Creo que, por mucho que la derecha más derechizada se muestre enfadada con su rasgo de valor rompiendo, creo que definitivamente, con Vox, Pablo Casado se ha ganado el derecho a ser considerado al menos un aspirante a estadista. El presidente del Gobierno aún tiene que demostrarlo, que no es estadista quien meramente hace sonar las trompetas de cierre de puertas con toques de queda. Mal servicio haría Sánchez a su patria, a su país, ignorando que el líder del PP tiene derecho a un tratamiento especialmente considerado. Y que él, Sánchez, tiene el deber de darle ese tratamiento.
Casado, supongo, algún día, seguramente más pronto de lo que muchos en el Gobierno creen, se convertirá en una alternativa real, o al menos complementaria, a la actual coalición, donde las diferencias surgen por doquier: desde la Constitución monárquica hasta los Presupuestos con Ciudadanos. Pasando, claro, por Venezuela (por cierto: ¿nos explicarán algún día cómo llegó el opositor Leopoldo López a Madrid, cosa de la que, por otro lado, me alegro? Pero la transparencia es la transparencia, y aquí ha brillado, de nuevo, por su ausencia).

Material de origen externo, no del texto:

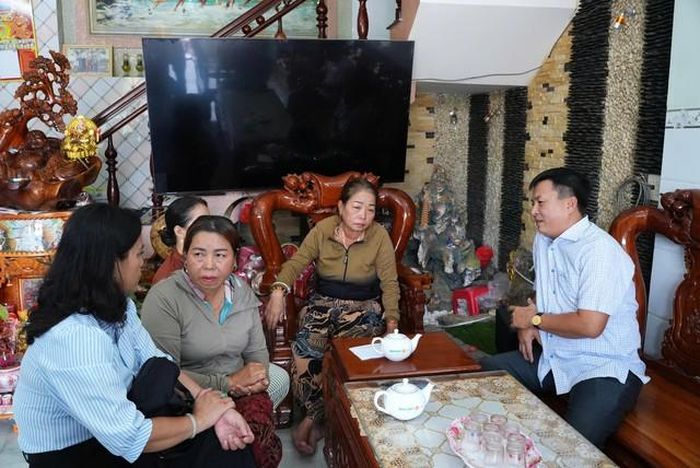 Đại diện chính quyền phường Hoài Nhơn Bắc thăm hỏi, động viên các gia đình có tàu bị cháy.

No, no me basta con que Pedro Sánchez (y Casado por su parte) haga el ademán de que podría llegar a consensuar graciosamente la reforma del poder judicial. El país necesita consensos mucho más amplios, generalizados, para atravesar y superar la dificilísima situación en la que se encuentra. Casado se ha deshecho de Abascal y de Vox, que eran un problema. Quizá sea el momento de que Sánchez empiece a despegarse del problema que está ahí, en el lado opuesto, Pablo Iglesias y su formación morada. Y entonces, tal vez este país nuestro empiece a encontrar la buena senda. Y las charlas junto al fuego en Moncloa, libres de sombras chinescas, serán, al fin, constructivas.